Hi,
I am using a full-system simulator (Simics) on a simulated OpenSolaris
installation for a research project. The aim of the project is to implement
adaptive processor shutdown for energy savings.
We would like to measure the dependence of the interrupt latency (interrupt
response time) on the power state of a processor.
By adding a special ("magic") assembler instruction to the kernel code, we can
halt the simulation and consequently do memory reads/writes or execute code in
the simulator. I was thinking of adding such a magic instruction at the
beginning of the general interrupt code, and just before the execution of the
actual interrupt handler (for that specific interrupt).

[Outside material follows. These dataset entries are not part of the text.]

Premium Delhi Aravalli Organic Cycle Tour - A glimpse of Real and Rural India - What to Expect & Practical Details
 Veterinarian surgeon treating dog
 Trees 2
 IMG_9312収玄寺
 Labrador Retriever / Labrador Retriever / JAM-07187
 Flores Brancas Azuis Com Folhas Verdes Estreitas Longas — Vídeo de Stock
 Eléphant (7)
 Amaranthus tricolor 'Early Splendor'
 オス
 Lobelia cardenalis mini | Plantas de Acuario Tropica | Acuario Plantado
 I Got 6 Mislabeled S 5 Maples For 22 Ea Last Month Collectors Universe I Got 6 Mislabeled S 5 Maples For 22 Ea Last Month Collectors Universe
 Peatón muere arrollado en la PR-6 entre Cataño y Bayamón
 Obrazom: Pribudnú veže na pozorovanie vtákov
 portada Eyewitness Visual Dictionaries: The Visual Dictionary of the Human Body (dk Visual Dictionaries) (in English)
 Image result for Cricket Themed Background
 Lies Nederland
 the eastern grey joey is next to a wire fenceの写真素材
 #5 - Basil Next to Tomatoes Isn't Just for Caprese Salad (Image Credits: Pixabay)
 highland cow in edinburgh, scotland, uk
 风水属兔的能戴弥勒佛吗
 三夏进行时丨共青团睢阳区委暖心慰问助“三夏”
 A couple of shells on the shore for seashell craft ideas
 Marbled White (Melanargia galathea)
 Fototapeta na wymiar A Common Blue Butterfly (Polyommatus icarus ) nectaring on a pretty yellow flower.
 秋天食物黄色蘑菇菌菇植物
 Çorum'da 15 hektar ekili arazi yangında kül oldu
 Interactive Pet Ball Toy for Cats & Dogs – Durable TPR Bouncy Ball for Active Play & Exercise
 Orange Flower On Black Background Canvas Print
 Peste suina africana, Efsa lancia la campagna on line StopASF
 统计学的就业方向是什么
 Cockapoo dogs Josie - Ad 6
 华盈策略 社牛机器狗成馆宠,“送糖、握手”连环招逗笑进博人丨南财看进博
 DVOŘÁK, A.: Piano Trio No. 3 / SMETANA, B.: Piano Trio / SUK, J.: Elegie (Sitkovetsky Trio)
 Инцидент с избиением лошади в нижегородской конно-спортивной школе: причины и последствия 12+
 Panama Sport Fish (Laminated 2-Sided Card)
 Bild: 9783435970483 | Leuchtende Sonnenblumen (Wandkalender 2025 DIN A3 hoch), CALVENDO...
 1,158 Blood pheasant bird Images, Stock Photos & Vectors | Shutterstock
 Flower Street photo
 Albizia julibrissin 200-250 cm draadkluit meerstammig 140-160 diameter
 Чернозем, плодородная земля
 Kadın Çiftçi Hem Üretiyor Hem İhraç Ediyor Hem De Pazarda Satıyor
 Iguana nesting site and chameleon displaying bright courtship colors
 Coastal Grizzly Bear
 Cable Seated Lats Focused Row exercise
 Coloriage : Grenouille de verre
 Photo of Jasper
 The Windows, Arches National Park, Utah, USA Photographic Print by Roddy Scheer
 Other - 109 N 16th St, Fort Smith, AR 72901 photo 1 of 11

I could then find a way
of reading out current system time (I believe this is possible from the
simulator, otherwise I could maybe read out system time directly from memory?).
Is this a correct approach?
I would thus add these magic instructions at line 63 (entry) and right before
lines 558 and 1181 (before the actual handler is called) referring to
http://src.opensolaris.org/source/xref/onnv/onnv-gate/usr/src/uts/sun4/ml/interrupt.s.
Is this correct?
In interrupt.s, I see that some kind of timestamp is saved before the interrupt
is called. What purpose does it serve, and where is it stored?
And where can I find a list and explanation of the different assembler
instructions that are used? This would be most useful to me!